=== REQUIRED ACTION ===
Please output each line of the data exactly as it appears.

=== EXCERPTED RECORDS ===
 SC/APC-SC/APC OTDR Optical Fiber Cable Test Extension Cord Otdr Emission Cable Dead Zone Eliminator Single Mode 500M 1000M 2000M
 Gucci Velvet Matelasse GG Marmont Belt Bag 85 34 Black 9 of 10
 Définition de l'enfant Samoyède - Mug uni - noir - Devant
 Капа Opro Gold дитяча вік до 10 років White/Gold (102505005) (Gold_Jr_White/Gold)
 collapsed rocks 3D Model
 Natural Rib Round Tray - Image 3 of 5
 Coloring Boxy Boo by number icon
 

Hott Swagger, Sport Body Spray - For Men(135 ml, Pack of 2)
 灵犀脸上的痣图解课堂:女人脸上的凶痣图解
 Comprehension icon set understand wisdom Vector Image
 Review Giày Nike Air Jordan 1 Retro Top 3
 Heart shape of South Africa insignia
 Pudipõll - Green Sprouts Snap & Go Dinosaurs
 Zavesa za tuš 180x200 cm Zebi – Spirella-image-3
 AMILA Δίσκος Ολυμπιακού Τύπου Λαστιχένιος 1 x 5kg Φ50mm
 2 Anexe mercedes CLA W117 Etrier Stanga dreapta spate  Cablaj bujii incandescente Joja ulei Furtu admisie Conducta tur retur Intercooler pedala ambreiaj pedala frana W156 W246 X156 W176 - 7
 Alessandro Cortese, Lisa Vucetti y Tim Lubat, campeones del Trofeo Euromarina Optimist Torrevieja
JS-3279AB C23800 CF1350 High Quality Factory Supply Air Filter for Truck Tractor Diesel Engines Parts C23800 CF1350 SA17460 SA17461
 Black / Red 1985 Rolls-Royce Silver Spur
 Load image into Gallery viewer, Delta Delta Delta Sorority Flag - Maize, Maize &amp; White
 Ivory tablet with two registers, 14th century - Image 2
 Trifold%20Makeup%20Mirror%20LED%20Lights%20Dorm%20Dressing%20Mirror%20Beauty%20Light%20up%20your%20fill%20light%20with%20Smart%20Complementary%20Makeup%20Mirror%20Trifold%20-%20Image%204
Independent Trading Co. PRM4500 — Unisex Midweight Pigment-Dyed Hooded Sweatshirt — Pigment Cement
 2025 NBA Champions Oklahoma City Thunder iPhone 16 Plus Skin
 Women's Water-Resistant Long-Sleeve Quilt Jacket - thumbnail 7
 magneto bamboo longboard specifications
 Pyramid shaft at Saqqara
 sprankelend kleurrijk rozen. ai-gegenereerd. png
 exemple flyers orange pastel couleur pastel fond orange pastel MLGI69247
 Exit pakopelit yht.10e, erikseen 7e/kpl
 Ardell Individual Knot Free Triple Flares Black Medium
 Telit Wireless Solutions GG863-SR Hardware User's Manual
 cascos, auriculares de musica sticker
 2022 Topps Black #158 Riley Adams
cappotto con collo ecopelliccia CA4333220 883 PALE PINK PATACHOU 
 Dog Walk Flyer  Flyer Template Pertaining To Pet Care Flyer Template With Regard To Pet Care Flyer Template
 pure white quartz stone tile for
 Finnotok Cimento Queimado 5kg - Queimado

=== PROBLEM SOLUTION ===
 SC/APC-SC/APC OTDR Optical Fiber Cable Test Extension Cord Otdr Emission Cable Dead Zone Eliminator Single Mode 500M 1000M 2000M
 Gucci Velvet Matelasse GG Marmont Belt Bag 85 34 Black 9 of 10
 Définition de l'enfant Samoyède - Mug uni - noir - Devant
 Капа Opro Gold дитяча вік до 10 років White/Gold (102505005) (Gold_Jr_White/Gold)
 collapsed rocks 3D Model
 Natural Rib Round Tray - Image 3 of 5
 Coloring Boxy Boo by number icon
 

Hott Swagger, Sport Body Spray - For Men(135 ml, Pack of 2)
 灵犀脸上的痣图解课堂:女人脸上的凶痣图解
 Comprehension icon set understand wisdom Vector Image
 Review Giày Nike Air Jordan 1 Retro Top 3
 Heart shape of South Africa insignia
 Pudipõll - Green Sprouts Snap & Go Dinosaurs
 Zavesa za tuš 180x200 cm Zebi – Spirella-image-3
 AMILA Δίσκος Ολυμπιακού Τύπου Λαστιχένιος 1 x 5kg Φ50mm
 2 Anexe mercedes CLA W117 Etrier Stanga dreapta spate  Cablaj bujii incandescente Joja ulei Furtu admisie Conducta tur retur Intercooler pedala ambreiaj pedala frana W156 W246 X156 W176 - 7
 Alessandro Cortese, Lisa Vucetti y Tim Lubat, campeones del Trofeo Euromarina Optimist Torrevieja
JS-3279AB C23800 CF1350 High Quality Factory Supply Air Filter for Truck Tractor Diesel Engines Parts C23800 CF1350 SA17460 SA17461
 Black / Red 1985 Rolls-Royce Silver Spur
 Load image into Gallery viewer, Delta Delta Delta Sorority Flag - Maize, Maize &amp; White
 Ivory tablet with two registers, 14th century - Image 2
 Trifold%20Makeup%20Mirror%20LED%20Lights%20Dorm%20Dressing%20Mirror%20Beauty%20Light%20up%20your%20fill%20light%20with%20Smart%20Complementary%20Makeup%20Mirror%20Trifold%20-%20Image%204
Independent Trading Co. PRM4500 — Unisex Midweight Pigment-Dyed Hooded Sweatshirt — Pigment Cement
 2025 NBA Champions Oklahoma City Thunder iPhone 16 Plus Skin
 Women's Water-Resistant Long-Sleeve Quilt Jacket - thumbnail 7
 magneto bamboo longboard specifications
 Pyramid shaft at Saqqara
 sprankelend kleurrijk rozen. ai-gegenereerd. png
 exemple flyers orange pastel couleur pastel fond orange pastel MLGI69247
 Exit pakopelit yht.10e, erikseen 7e/kpl
 Ardell Individual Knot Free Triple Flares Black Medium
 Telit Wireless Solutions GG863-SR Hardware User's Manual
 cascos, auriculares de musica sticker
 2022 Topps Black #158 Riley Adams
cappotto con collo ecopelliccia CA4333220 883 PALE PINK PATACHOU 
 Dog Walk Flyer  Flyer Template Pertaining To Pet Care Flyer Template With Regard To Pet Care Flyer Template
 pure white quartz stone tile for
 Finnotok Cimento Queimado 5kg - Queimado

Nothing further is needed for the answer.